_What is being asked_
The full listing, exactly as written and with no images, is the expected output.

_Data block_
* * *
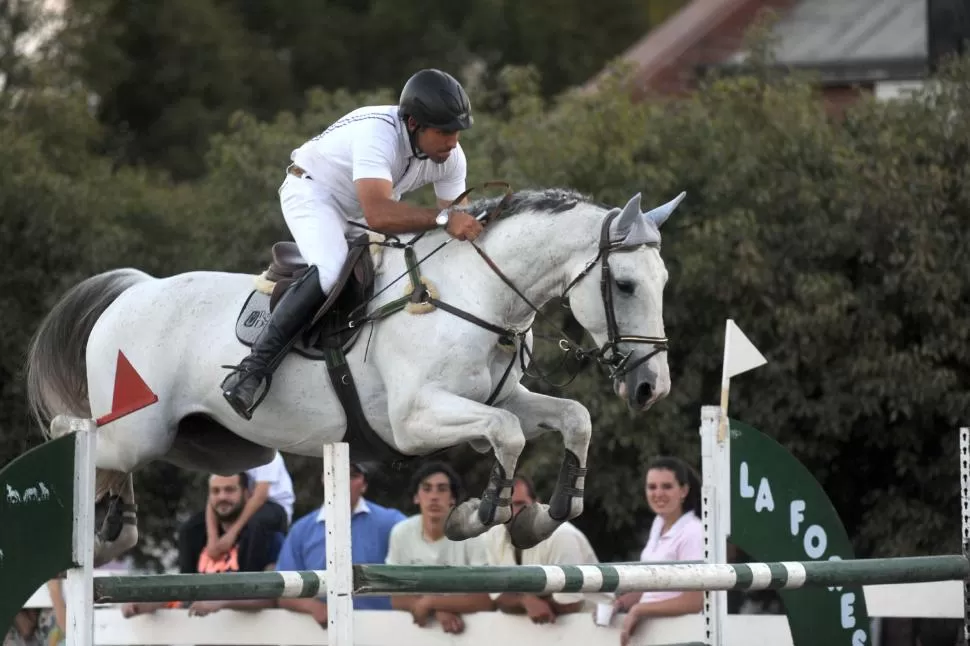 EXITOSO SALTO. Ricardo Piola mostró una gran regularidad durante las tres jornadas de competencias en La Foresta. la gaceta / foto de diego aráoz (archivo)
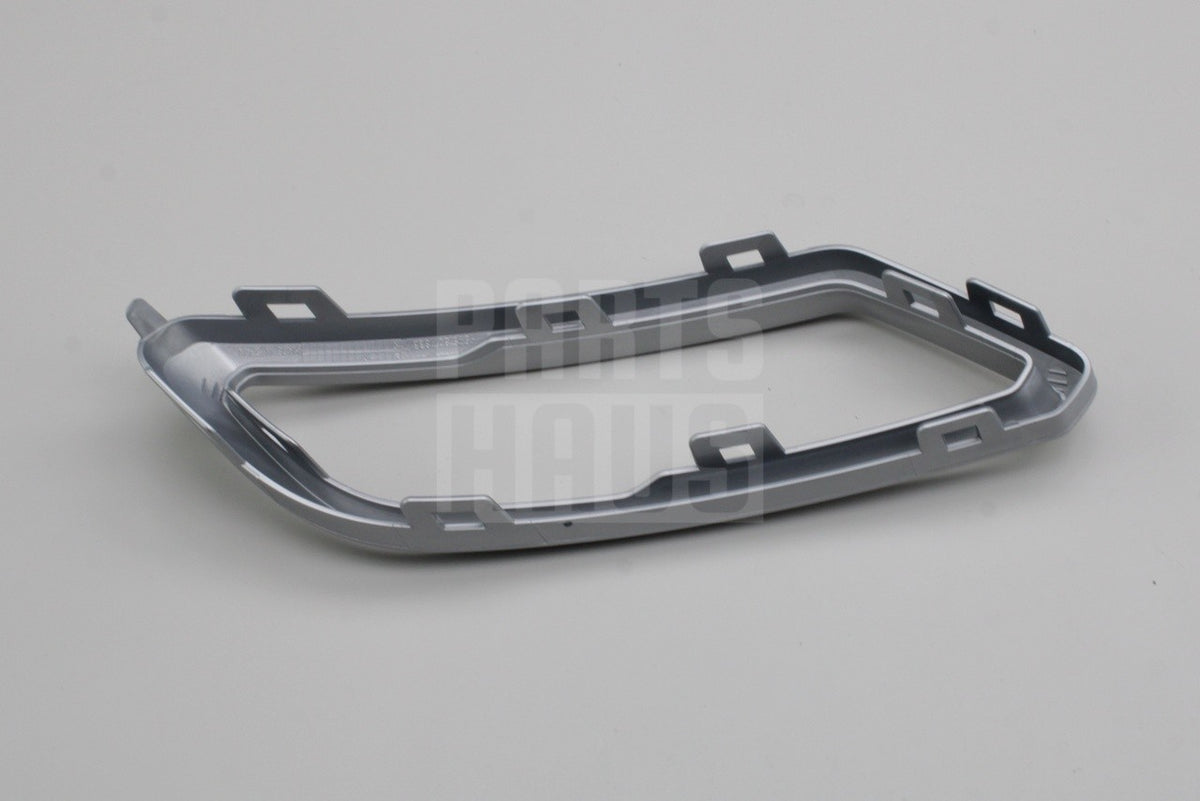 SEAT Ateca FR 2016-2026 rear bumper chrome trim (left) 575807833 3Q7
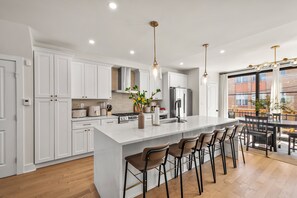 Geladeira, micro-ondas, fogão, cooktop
* * *
_Result_
 EXITOSO SALTO. Ricardo Piola mostró una gran regularidad durante las tres jornadas de competencias en La Foresta. la gaceta / foto de diego aráoz (archivo)
 SEAT Ateca FR 2016-2026 rear bumper chrome trim (left) 575807833 3Q7
 Geladeira, micro-ondas, fogão, cooktop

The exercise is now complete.